The Government Accountability Office wants the Federal Deposit Insurance Corp. to make faster progress on strengthening bank supervision and addressing blockchain technology risks, two recommendations the watchdog issued in May 2025.
In a letter to FDIC Chair Travis Hill last week, GAO Acting Comptroller General Orice Williams Brown suggested that the banking agency consider implementing rotation requirements for its examiners.
“In 2024, we found that FDIC did not require periodic rotation of assignments for certain case managers, which could compromise their independence and interfere with supervision outcomes,” Brown wrote, in a letter released to the public Monday. “By implementing rotation requirements, as we recommended, FDIC could mitigate threats to independence and better ensure that escalation decisions are independent and evidence-based.”
The letter reiterated issues the GAO flagged in its 2024 report examining the FDIC’s response to bank failures of the prior year. The 2024 report found that unlike the Federal Reserve and the Office of the Comptroller of the Currency, the FDIC doesn’t require managing supervisors to rotate posts, meaning they could remain assigned to the same firms for years.
“While case managers may not meet all of FDIC's criteria for rotation requirements — specifically, they do not always have an on-site presence — they play a key role in the supervisory process and have important decision-making authority,” the GAO said in 2024.
Case managers assigned to the same bank for long periods “risk developing close relationships with institution management, which can threaten their independence and interfere with supervision outcomes,” the GAO found.
The FDIC, too, should devise a mechanism to address blockchain technology risks, and the GAO in 2023 found regulators “lacked an ongoing coordination mechanism” to address such risks.
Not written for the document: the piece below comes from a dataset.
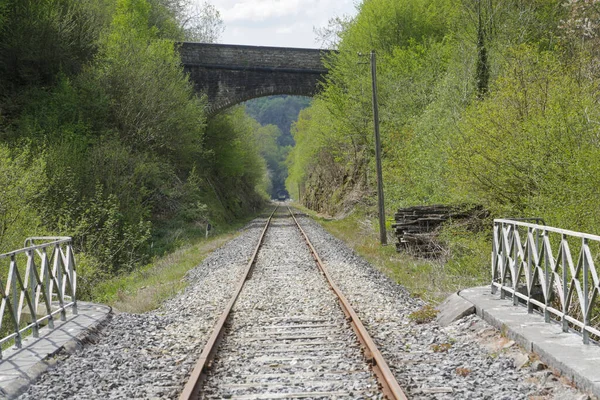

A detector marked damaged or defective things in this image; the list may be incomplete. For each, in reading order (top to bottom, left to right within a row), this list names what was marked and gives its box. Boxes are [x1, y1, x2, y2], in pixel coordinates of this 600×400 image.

rusty railroad track [179, 206, 408, 400]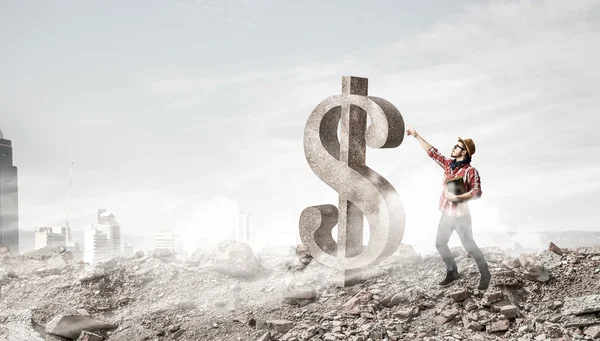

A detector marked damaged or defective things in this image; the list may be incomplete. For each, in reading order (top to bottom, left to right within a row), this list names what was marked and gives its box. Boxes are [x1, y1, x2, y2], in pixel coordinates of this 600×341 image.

broken concrete chunk [45, 314, 116, 340]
This would help the FDIC and other regulators “collectively identify risks and develop and implement a regulatory response in a timely manner,” Brown wrote.
The implementation of these and other open GAO recommendations, according to the watchdog, could save the FDIC large sums of money and improve congressional or executive branch decision making on major issues. It could also eliminate mismanagement and fraud and make progress toward addressing high-risk issues, GAO said.
“Taking action to implement all of GAO's open priority recommendations would directly support FDIC's mission,” the watchdog said.